Monday, Jan. 06, 1975
Reviving the Old RFC?
In fashioning their own program to restore the faltering economy, Democrats have embraced an old concept that originated with a much-maligned Republican Administration. At their mini-convention in Kansas City, Mo., last month, they proposed a revival of the Reconstruction Finance Corporation, which was created by President Herbert Hoover and played a pivotal role in the Depression-era economy. Its purpose: to lend federal money to troubled companies, stave off bankruptcies and curb unemployment.
To many politicians and even some businessmen, the RFC is an idea whose time is coming back. In Congress there is more talk about reviving the RFC than at any time since the Nixon Administration's hotly disputed decision more than three years ago to provide a $250 million federal loan guarantee to ailing Lockheed Aircraft Corp. At a breakfast with reporters several weeks ago, House Speaker Carl Albert proposed 14 remedies for revitalizing the economy, and on his list was a new RFC. Texas Populist Wright Patman, chairman of the House Banking and Currency Committee, has long favored creation of an RFC-type agency called the National Development Bank, which would have a lending authority of around $20 billion.

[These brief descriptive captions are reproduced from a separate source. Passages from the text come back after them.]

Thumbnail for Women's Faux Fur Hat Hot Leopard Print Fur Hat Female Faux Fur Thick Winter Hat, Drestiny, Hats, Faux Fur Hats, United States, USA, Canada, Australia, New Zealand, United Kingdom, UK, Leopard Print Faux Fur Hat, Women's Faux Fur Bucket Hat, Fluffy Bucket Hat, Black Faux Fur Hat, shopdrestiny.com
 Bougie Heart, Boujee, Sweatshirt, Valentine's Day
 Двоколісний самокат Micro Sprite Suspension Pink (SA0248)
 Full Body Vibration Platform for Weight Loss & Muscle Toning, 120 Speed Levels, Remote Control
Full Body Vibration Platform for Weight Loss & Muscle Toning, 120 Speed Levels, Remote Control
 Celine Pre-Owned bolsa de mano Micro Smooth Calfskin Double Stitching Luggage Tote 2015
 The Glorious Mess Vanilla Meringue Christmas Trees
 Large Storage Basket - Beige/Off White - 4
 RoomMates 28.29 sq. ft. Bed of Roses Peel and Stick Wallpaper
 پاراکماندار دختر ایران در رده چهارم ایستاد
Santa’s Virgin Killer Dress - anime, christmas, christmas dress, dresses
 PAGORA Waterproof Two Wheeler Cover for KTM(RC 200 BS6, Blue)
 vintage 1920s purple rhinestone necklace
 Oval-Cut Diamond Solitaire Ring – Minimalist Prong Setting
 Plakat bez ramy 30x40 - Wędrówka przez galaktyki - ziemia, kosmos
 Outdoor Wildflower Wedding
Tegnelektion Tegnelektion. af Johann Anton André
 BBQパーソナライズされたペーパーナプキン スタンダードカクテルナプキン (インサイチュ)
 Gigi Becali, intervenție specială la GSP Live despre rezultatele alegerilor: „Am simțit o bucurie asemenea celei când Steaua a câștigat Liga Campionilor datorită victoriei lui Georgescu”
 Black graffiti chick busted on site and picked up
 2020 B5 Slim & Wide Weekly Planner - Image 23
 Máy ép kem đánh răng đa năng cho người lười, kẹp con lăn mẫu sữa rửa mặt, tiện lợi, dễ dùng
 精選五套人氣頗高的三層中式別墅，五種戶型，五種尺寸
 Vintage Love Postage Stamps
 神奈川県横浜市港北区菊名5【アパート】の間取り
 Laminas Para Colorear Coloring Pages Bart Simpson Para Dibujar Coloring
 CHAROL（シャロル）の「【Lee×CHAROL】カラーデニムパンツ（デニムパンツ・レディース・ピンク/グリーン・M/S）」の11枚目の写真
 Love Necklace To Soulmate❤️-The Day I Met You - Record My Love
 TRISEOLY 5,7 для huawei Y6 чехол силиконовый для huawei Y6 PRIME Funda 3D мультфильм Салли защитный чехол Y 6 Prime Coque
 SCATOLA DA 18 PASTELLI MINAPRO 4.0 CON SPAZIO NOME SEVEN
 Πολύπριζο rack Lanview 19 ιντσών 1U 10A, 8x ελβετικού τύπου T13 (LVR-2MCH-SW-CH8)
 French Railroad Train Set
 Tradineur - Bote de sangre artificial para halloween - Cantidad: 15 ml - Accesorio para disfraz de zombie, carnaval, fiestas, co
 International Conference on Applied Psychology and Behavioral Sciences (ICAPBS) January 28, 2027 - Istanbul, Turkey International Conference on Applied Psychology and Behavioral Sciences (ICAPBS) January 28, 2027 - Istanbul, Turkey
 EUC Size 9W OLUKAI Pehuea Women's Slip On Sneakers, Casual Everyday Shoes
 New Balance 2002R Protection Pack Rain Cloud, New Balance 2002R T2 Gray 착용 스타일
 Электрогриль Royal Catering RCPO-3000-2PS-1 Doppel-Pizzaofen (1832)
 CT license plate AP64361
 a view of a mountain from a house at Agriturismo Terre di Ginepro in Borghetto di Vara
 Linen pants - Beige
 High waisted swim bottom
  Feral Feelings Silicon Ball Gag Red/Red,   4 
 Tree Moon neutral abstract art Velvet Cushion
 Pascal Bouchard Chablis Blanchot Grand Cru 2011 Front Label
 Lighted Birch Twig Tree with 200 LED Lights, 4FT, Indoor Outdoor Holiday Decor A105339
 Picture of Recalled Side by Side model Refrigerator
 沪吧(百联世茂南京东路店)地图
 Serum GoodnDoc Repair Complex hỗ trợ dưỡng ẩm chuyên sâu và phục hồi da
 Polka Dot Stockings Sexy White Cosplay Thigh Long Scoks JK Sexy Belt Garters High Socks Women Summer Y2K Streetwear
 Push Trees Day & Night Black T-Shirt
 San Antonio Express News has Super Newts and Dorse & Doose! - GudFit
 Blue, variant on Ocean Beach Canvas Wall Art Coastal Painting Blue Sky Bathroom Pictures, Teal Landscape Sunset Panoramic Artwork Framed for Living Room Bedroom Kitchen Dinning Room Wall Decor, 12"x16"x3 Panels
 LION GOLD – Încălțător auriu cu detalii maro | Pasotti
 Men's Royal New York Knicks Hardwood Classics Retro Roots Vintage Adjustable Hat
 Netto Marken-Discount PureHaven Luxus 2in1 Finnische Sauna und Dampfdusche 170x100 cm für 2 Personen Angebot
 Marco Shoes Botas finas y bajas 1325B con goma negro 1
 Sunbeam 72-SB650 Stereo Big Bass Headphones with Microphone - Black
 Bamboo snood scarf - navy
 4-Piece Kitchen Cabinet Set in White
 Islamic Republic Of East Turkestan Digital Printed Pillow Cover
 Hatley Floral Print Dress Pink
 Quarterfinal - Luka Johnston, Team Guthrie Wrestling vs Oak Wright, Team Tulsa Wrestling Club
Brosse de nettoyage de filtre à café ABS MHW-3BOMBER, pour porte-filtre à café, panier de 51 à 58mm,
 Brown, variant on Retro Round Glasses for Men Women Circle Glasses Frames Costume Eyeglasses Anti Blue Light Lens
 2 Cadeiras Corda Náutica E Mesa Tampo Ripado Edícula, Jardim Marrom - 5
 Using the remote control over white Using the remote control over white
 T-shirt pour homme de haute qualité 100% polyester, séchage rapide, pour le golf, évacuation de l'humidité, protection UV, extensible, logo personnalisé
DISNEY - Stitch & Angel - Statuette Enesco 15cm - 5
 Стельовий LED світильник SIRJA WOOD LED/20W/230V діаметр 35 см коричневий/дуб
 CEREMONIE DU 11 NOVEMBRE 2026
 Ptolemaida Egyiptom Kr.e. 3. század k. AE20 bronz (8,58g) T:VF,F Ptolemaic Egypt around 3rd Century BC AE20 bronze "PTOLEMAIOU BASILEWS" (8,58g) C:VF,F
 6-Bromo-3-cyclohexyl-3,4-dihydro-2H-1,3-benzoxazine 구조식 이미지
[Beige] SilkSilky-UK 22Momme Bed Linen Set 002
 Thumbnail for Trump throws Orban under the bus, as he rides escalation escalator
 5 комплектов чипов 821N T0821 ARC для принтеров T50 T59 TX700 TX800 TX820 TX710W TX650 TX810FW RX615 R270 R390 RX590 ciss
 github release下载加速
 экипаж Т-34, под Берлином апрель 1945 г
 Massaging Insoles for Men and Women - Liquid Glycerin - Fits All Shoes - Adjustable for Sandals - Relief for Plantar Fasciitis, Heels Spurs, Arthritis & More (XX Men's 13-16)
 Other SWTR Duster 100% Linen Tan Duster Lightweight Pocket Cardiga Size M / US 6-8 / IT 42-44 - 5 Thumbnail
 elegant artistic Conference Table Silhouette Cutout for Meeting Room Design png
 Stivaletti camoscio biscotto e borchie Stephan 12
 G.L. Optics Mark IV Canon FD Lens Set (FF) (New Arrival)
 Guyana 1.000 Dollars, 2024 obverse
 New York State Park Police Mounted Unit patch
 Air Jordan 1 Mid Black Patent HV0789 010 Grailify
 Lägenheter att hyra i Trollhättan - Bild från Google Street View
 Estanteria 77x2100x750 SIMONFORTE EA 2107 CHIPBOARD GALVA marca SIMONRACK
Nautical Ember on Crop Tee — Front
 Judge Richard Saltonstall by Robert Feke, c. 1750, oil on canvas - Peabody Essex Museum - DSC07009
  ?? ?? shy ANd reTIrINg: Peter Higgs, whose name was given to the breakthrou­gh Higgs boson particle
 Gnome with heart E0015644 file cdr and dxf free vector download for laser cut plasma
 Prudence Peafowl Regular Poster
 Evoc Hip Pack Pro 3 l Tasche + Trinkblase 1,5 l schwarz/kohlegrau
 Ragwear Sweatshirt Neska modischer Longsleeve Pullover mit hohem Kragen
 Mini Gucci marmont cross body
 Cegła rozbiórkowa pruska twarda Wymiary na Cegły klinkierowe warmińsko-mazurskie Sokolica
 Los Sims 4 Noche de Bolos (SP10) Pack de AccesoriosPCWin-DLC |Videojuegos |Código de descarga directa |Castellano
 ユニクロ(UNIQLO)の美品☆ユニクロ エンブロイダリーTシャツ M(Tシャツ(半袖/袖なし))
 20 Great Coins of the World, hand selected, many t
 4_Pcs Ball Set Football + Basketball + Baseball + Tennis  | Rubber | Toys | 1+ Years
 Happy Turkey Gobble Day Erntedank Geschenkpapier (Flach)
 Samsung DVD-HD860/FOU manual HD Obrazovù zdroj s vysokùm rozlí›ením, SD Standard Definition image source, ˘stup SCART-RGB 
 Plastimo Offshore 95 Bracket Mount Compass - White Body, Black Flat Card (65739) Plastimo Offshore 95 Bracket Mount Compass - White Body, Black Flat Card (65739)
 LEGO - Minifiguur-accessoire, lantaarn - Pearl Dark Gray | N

Lately, some influential business voices have joined in the RFC chorus. Henry Ford II has suggested that the Government give "serious consideration" to a new RFC. Wall Street Investment Banker Felix G. Rohatyn, a partner in Lazard Freres & Co., recently called for a new RFC that could not only lend money to troubled companies but also invest in their stock; the agency would sell its holdings later--and possibly at a profit--when conditions improve. The Rohatyn plan has won public support from such members of the financial establishment as Gustave Levy, senior partner of Goldman, Sachs & Co., and former Federal Reserve Board Chairman William McChesney Martin.
Proponents of a new RFC envisage a superagency empowered to dispense economic aid on a grand scale, as the original certainly did. Established in 1932, when unemployment was crowding 20%, the RFC moved swiftly to assist agriculture and the faltering banking system. During the Roosevelt years, it financed thousands of public works projects, made loans to businesses and backed such Depression-bred agencies as the Commodity Credit Corporation, the Federal National Mortgage Association and the Export-Import Bank. From its inception through 1938, it disbursed $10 billion, recovered all of it, and earned a $500 million profit for the Government. It lost money during World War II but still wound up financing some $22.4 billion in war production. The Eisenhower Administration finally dismantled the RFC in the 1950s.
Distaste for Bailouts. The Ford Administration has thus far shown no interest in any RFC-type scheme. Alan Greenspan, the President's chief economic adviser, has a conservative's fundamental distaste for massive Government bailouts of big businesses. Around the time of congressional debate over the Lockheed loan guarantee in 1971, Greenspan complained that a new RFC would reach staggering proportions, encouraging inefficiency as vast numbers of private firms seek federal help.
In general, opponents of an RFC revival argue that much of the rescue work it was designed for 40 years ago is handled today by such existing agencies as the Small Business Administration or through ad hoc measures. One example: the increase in mail subsidies approved by Congress two weeks ago to help some ailing airlines deal with hard times. In a recent editorial, the Wall Street Journal charged that the idea of an RFC revival was "sillier than a WIN button" because it would only increase the Government borrowing that has helped put companies in a capital squeeze. Economist Henry Kaufman, a partner of Salomon Bros., a Wall Street brokerage house, argues that federal billions could best be used to finance projects offering a long-term return to the nation: developing energy resources, farming marginal lands and increasing productivity.